— WHAT NEEDS TO BE DONE —
Omit the pictures and output exactly the lines from the start of the entries through the line containing "A man wearing".

___ AVAILABLE DATA ___

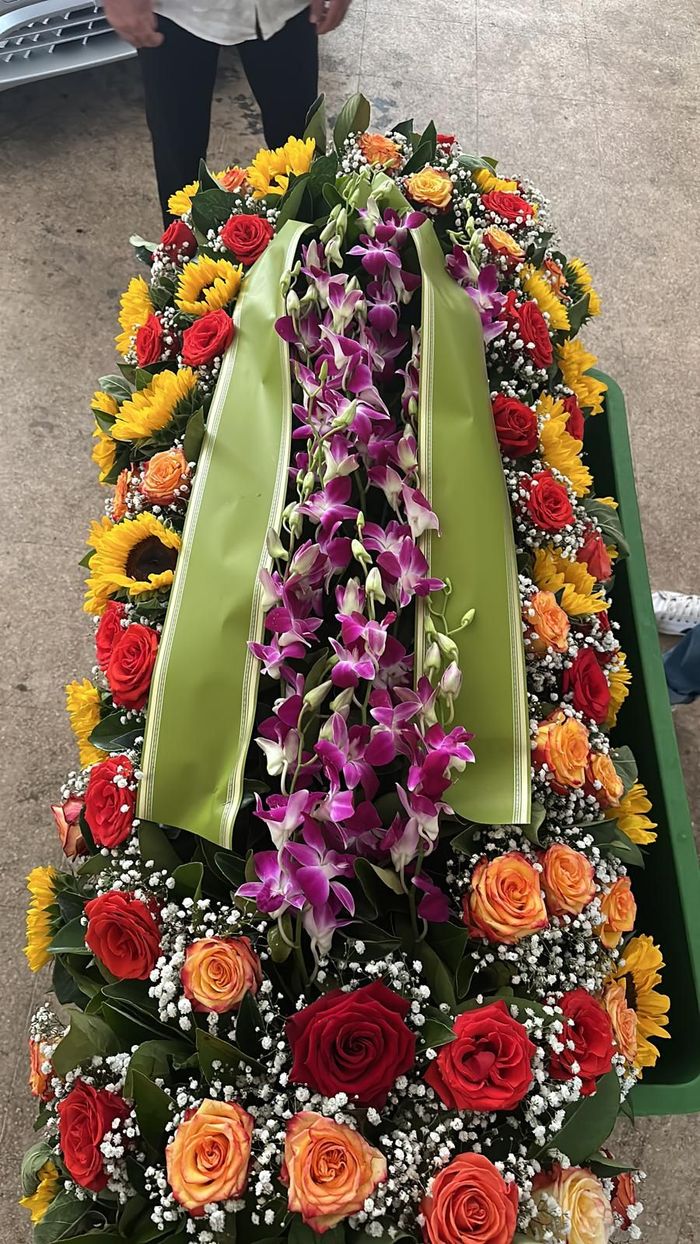 Composizione floreale su una bara, con girasoli, rose e orchidee con nastro verde.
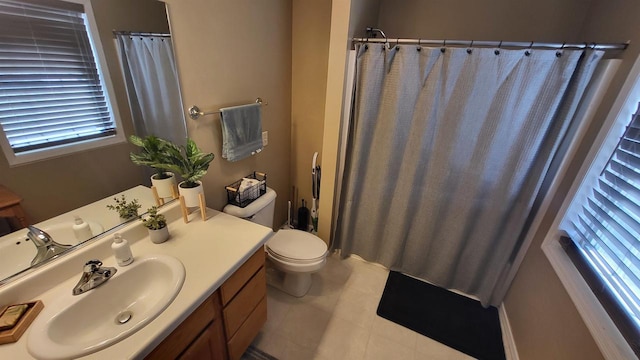 bathroom featuring a shower with shower curtain, toilet, vanity, and tile patterned floors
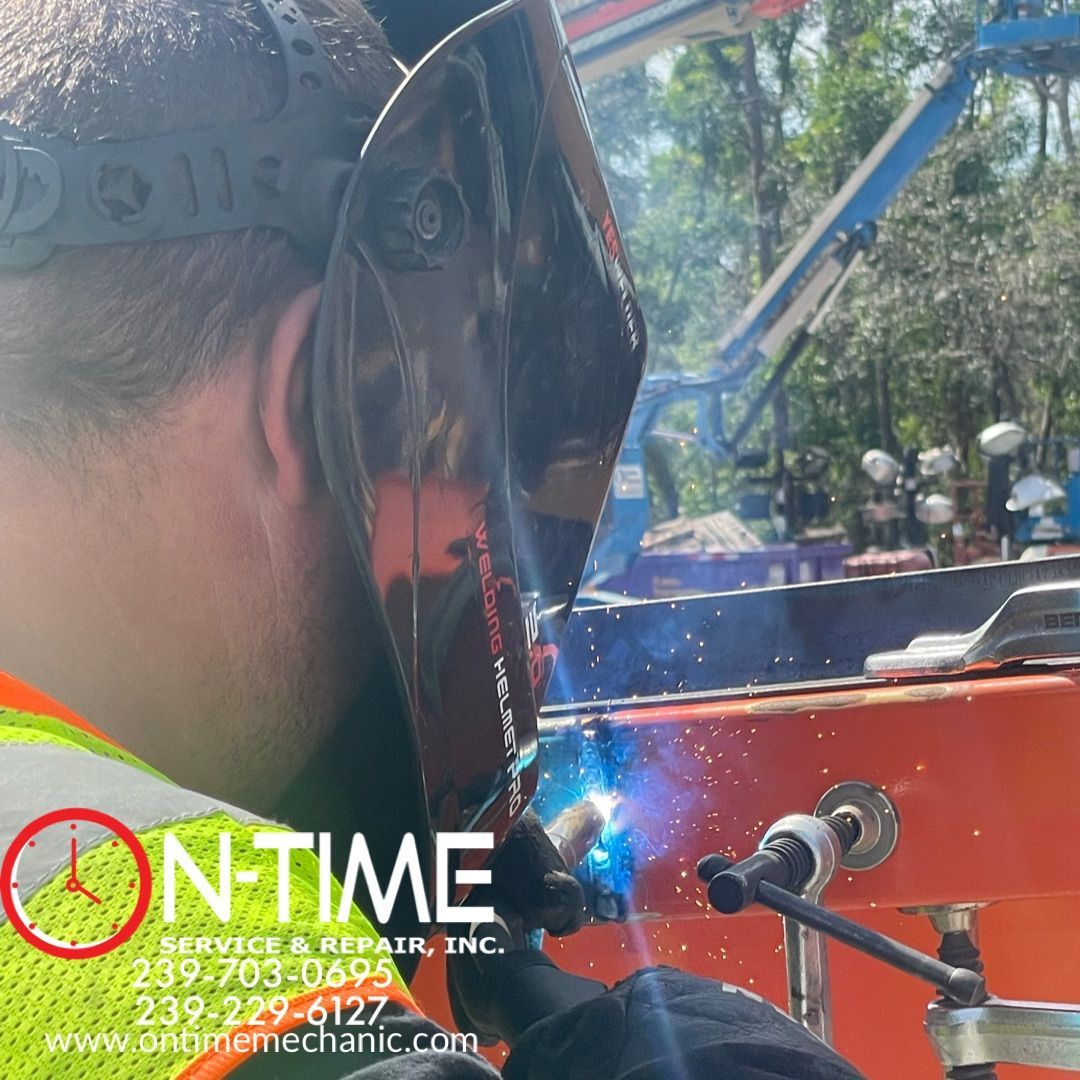 A man wearing a welding mask is welding a piece of metal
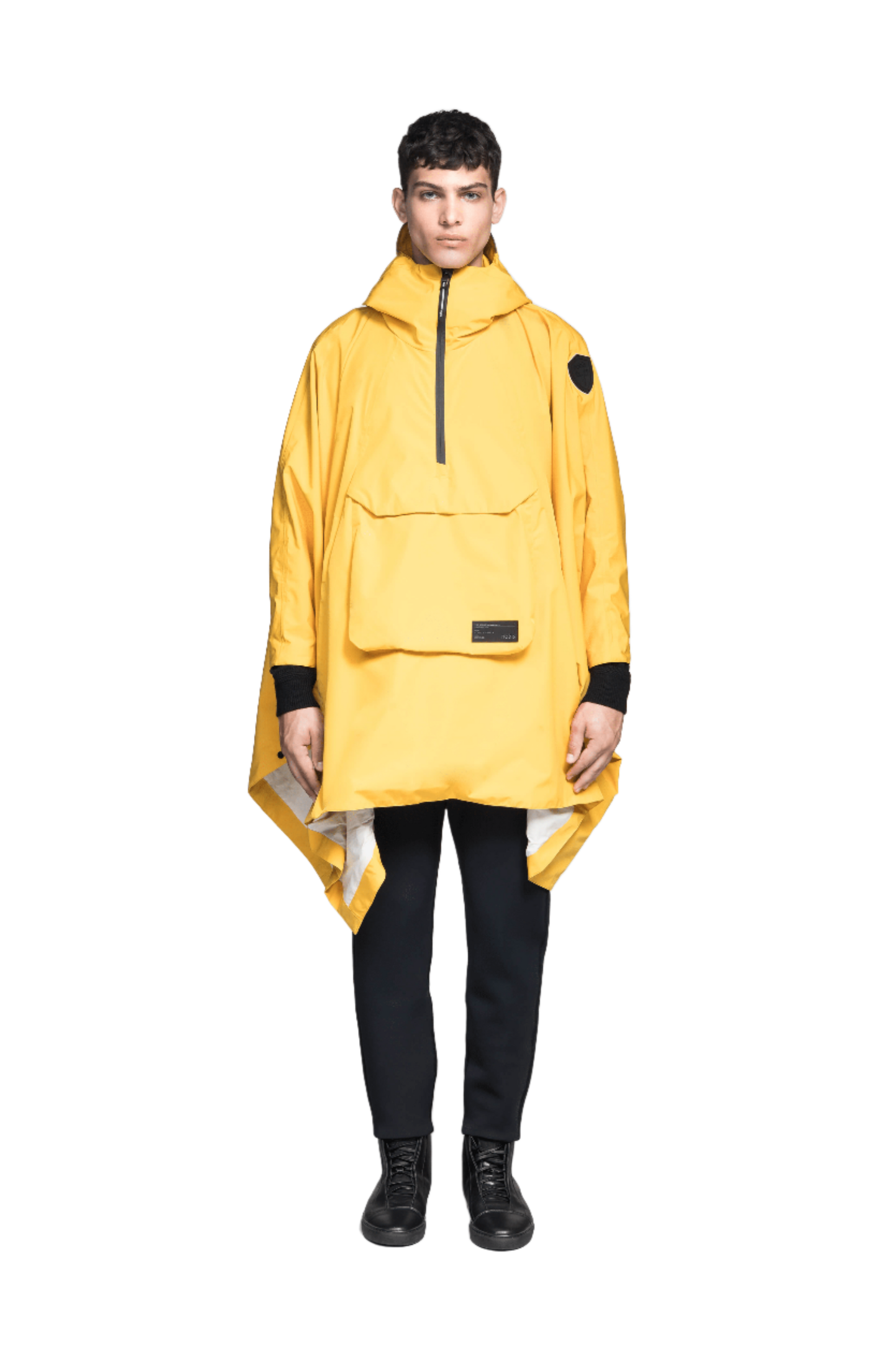 Hydra Unisex Performance Poncho in thigh length, non-removable hood, vertical half-zipper along centre front collar, hidden side-entry waist zipper pockets, adjustable webbing straps and snap closure cuffs, and packable to front kangaroo pocket with flap opening, in Old Gold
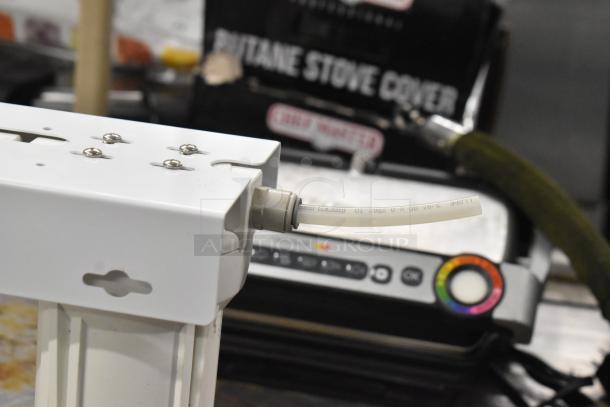 Apec Water WFS-1000 filtration system showing connection part and tubing. Visible screws and slots indicate setup condition.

___

— RESULT OF THE EXERCISE —
 Composizione floreale su una bara, con girasoli, rose e orchidee con nastro verde.
 bathroom featuring a shower with shower curtain, toilet, vanity, and tile patterned floors
 A man wearing a welding mask is welding a piece of metal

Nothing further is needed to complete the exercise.